Use the loaded model to predict loan approval status. The pipeline automatically handles preprocessing. Convert numerical predictions (0 or 1) to categorical labels (`Rejected` or `Approved`) for interpretability.

In [4]:
# Make predictions
predictions = model.predict(new_data)

# Convert numerical predictions to categorical labels (0 = Rejected, 1 = Approved)
label_map = {0: 'Rejected', 1: 'Approved'}
predictions_categorical = [label_map[pred] for pred in predictions]

# Add predictions to the new data
new_data['predicted_loan_status'] = predictions_categorical

# Display predictions
print('Predictions for New Data:')
new_data

Predictions for New Data:


Unnamed: 0,no_of_dependents,education,self_employed,income_annum,loan_amount,loan_term,cibil_score,residential_assets_value,commercial_assets_value,luxury_assets_value,bank_asset_value,predicted_loan_status
0,3,Graduate,No,5000000,12000000,12,700,4000000,1000000,8000000,2000000,Approved
1,1,Not Graduate,Yes,2500000,4000000,8,400,1500000,0,3000000,800000,Rejected
2,5,Graduate,Yes,9000000,25000000,20,850,12000000,4000000,20000000,6000000,Approved


## 5. Interpretation of Results

The predictions show whether each applicant's loan is likely to be Approved or Rejected based on their features:
- High CIBIL Score Applicants: Applicants with CIBIL scores above 700 (e.g., 700 or 850) and substantial assets are likely approved, indicating lower credit risk.
- Low CIBIL Score Applicants: Applicants with lower CIBIL scores (e.g., 400) or high loan amounts relative to income may be rejected due to higher risk.
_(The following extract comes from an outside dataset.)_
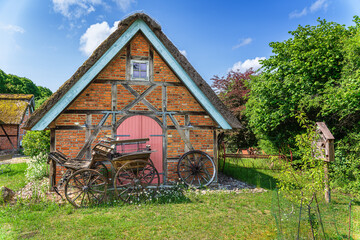 Sommergewitter und Kornfelder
Business Context: For a bank like 'GrowEasy,' these predictions streamline loan approval decisions. Approved applicants can proceed with loan processing, while rejected applicants can receive feedback (e.g., improve credit score) to enhance future eligibility. The model’s high F1-score (0.9841 on test data) ensures reliable predictions, balancing approval of eligible applicants and rejection of risky ones.

Insights:
- The model heavily weighs cibil_score, consistent with EDA findings where higher scores correlated with approvals.
- The pipeline’s preprocessing ensures raw input data is handled consistently, making it suitable for real-world use.

Next Steps: Integrate the model into a web app for real-time predictions, allowing applicants to input details and receive instant approval decisions.